Closed StrangeTcy closed 10 months ago

StrangeTcy commented 10 months ago

https://github.com/Luodian/Otter/blob/main/docs/OtterHD.md as it stands now at the time of the writing of this issue is a weird document:

  1. the Technical report link leads to a file that doesn't exist (https://github.com/Luodian/Otter/blob/main/docs/link)
  2. the Demo leads to a huggingface page, which has a link to Checkpoints, which don't exist at the moment (see https://github.com/Luodian/Otter/issues/303 as well)
  3. there's for now only a finetuning script for anyone wishing to replicate your finetuning efforts, I guess, but no inference script (probably due to 2.)
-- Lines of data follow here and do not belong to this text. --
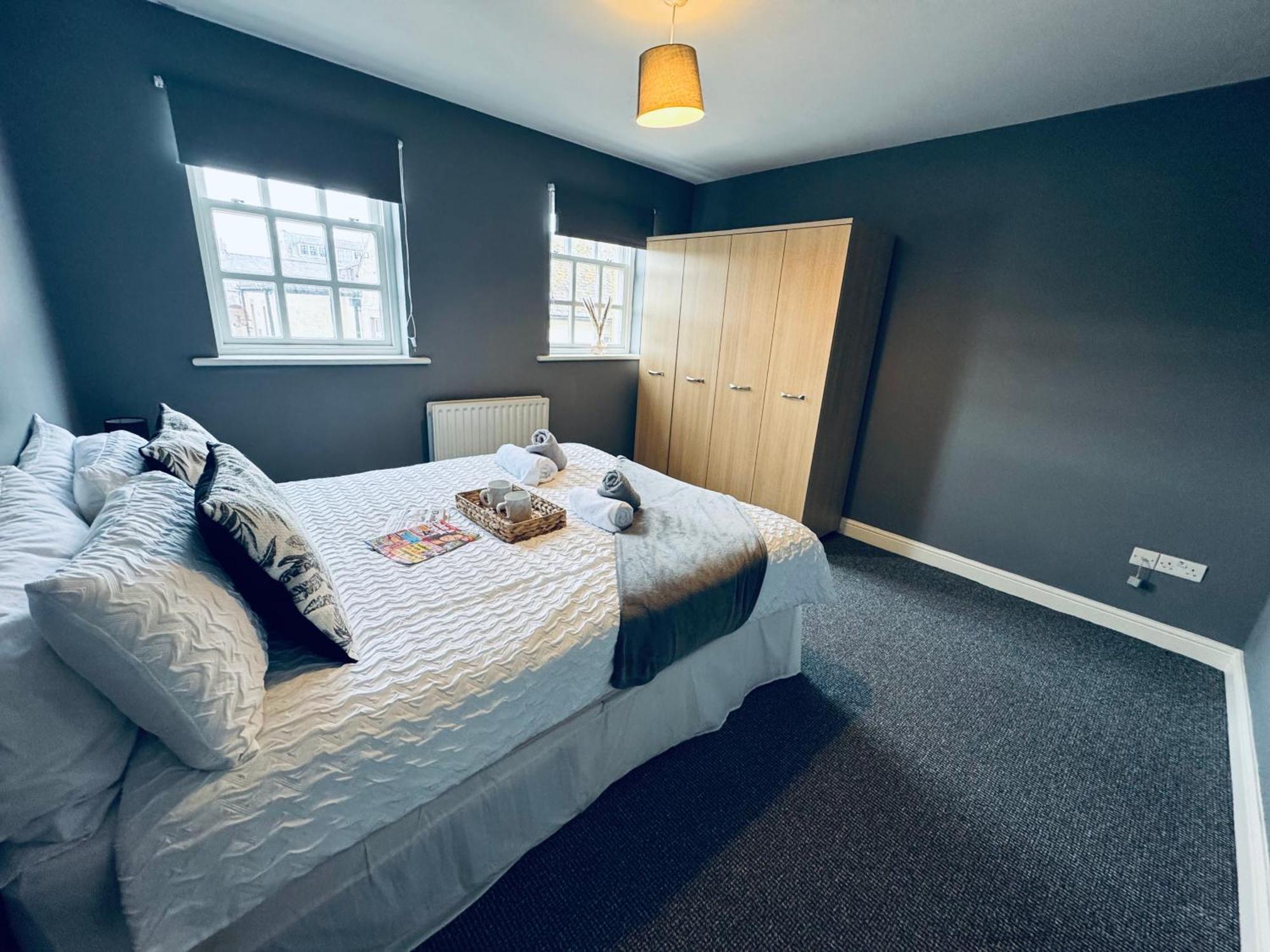 Queens Townhouse - 4 Bed Whitehaven Exteriér fotografie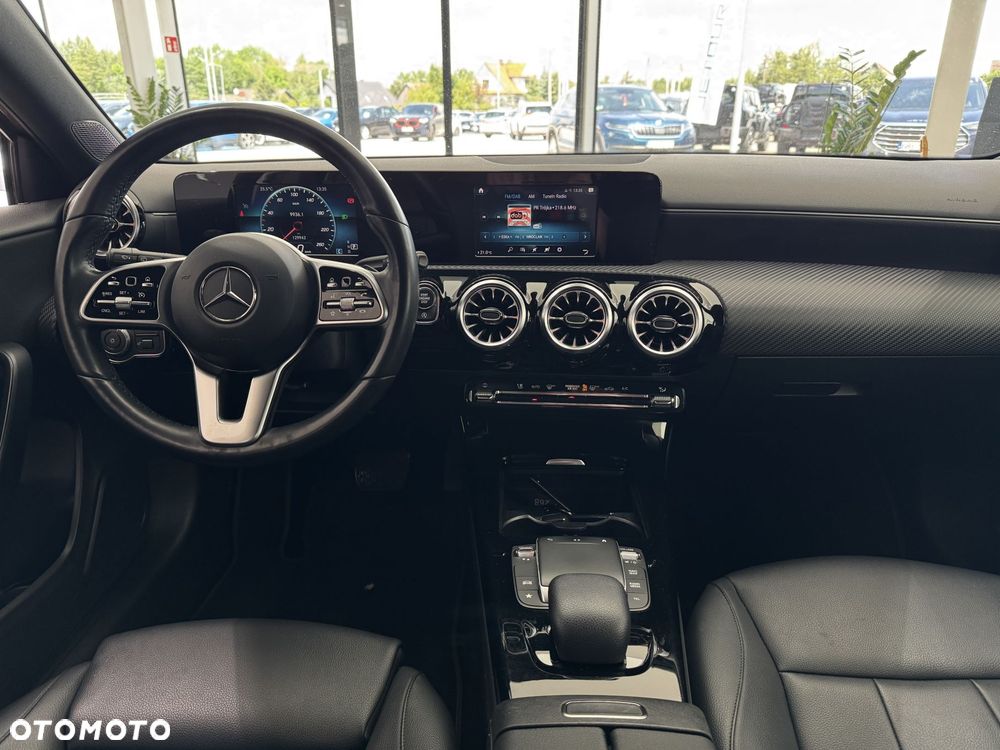 Mercedes-Benz Klasa A 200 4-Matic Style 8G-DCT - 14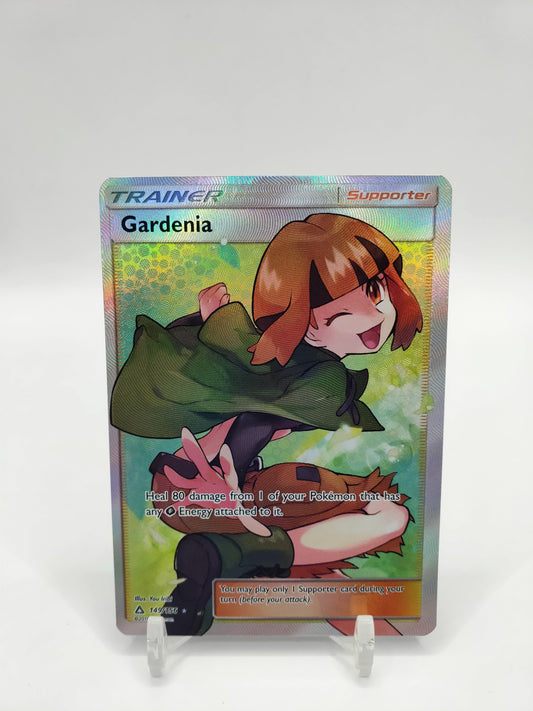 Gardenia Full Art Ultra Prism 149/156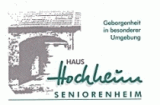 Seniorenheim Haus Hochheim - Heppendorf - GmbH & Co. KG
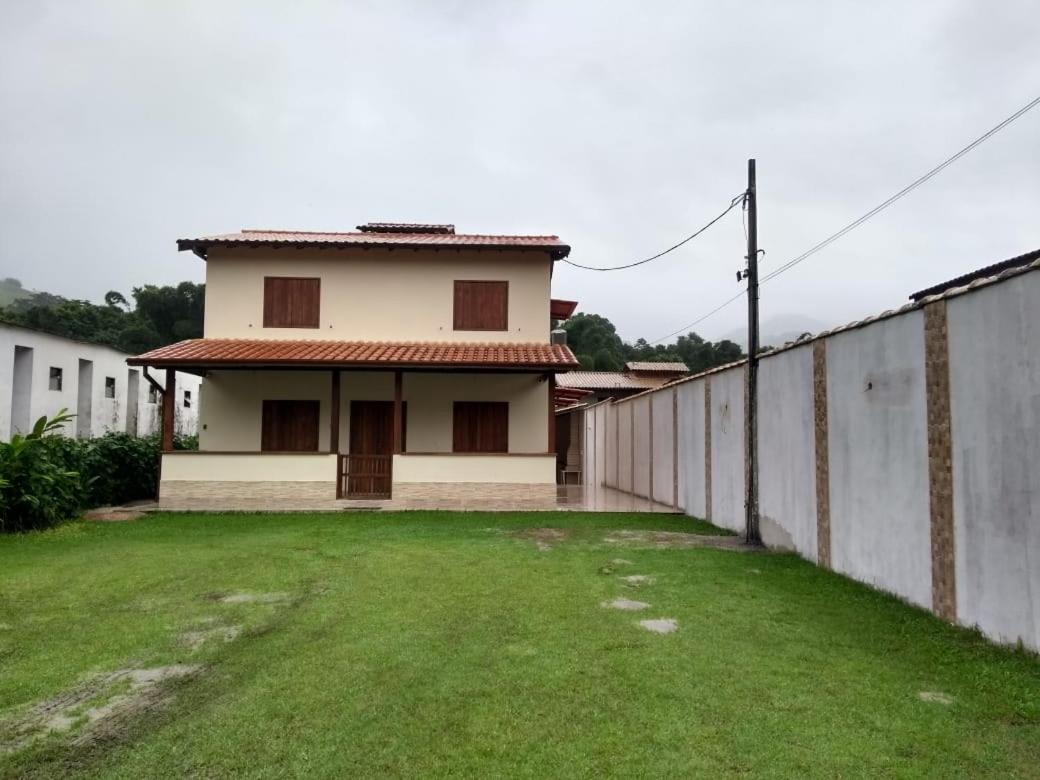 Casa Com Piscina Para Temporada Em Paraty - Casa Nova E Aconchegante Eksteriør billede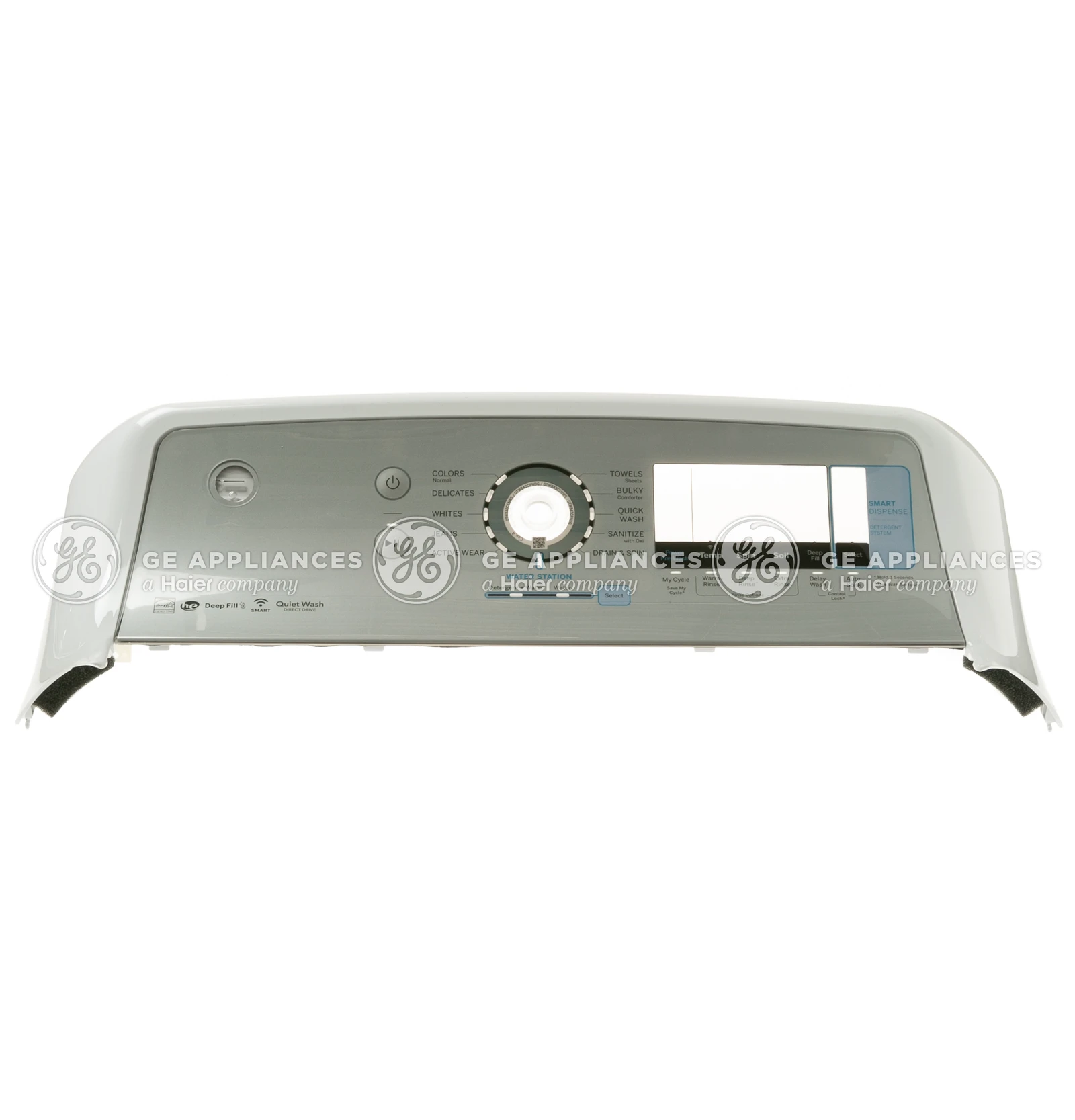 Control Panel White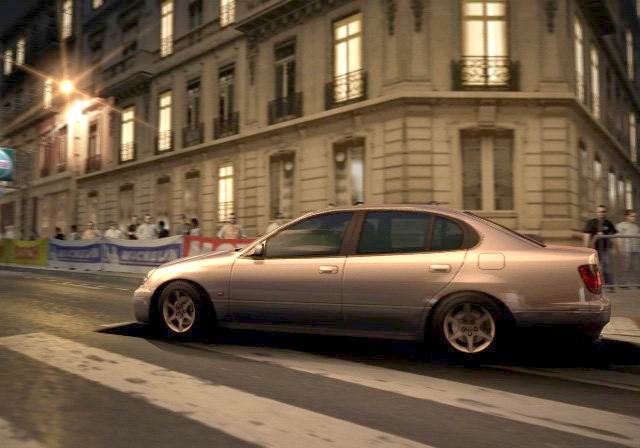 Gran Turismo 4 : le plein d'images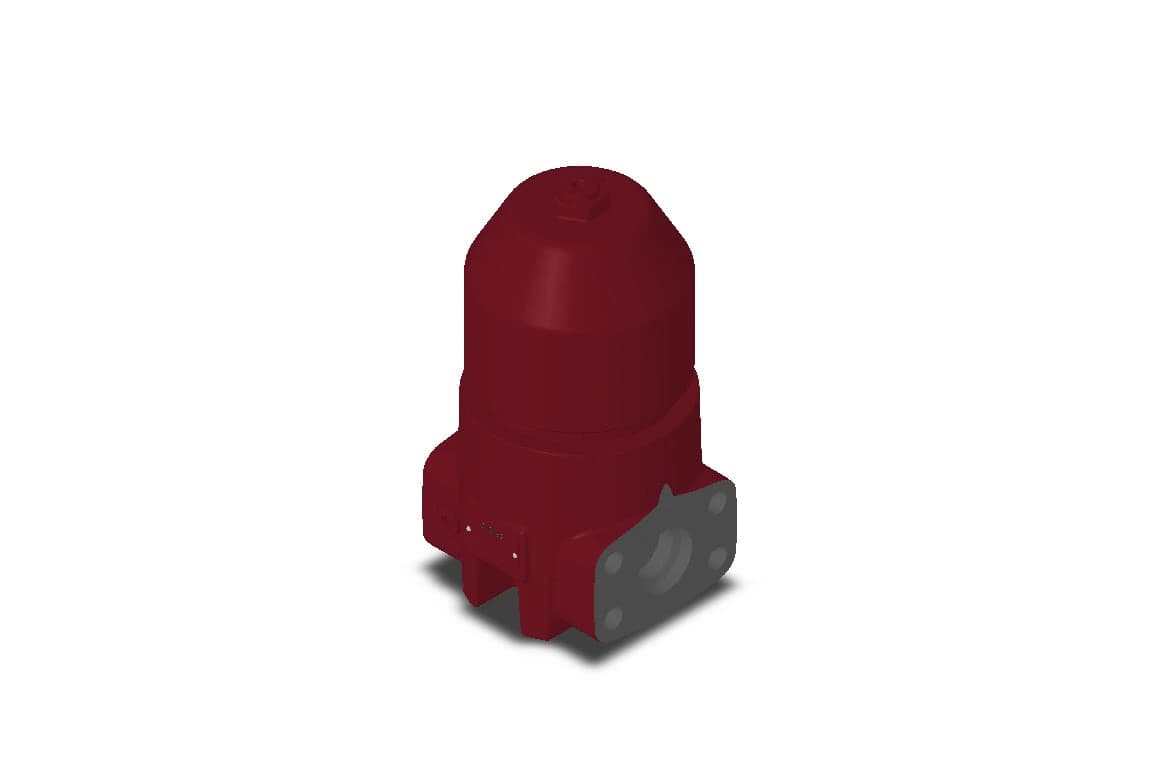 HYDAC DF ON 330 T L 10 D 3.0 /-L24-B6 — типовая иллюстрация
Hope the checkpoints get released soon!

Luodian commented 10 months ago

hi I fixed issue 1 already and for issue 2, the ETA is approximately early Dec, no later than late Dec. We are doing some experiments on resizing vs. padding, it will take some efforts to finish and provide the best checkpoint for both good demo & benchmark performance.

We've updated a recent trained model on demo, you could take a look at: https://huggingface.co/spaces/Otter-AI/OtterHD-Demo

As for issue 3. As for inference script, you can take a look at following file. It already has a defined OtterHD class. https://github.com/Luodian/Otter/blob/main/pipeline/benchmarks/models/otterhd.py

It's basically the same as Fuyu's: https://github.com/Luodian/Otter/blob/main/pipeline/benchmarks/models/fuyu.py

StrangeTcy commented 9 months ago

At the time of me writing this it's December 18th. Is that late enough? Do you have any updates on the ETA?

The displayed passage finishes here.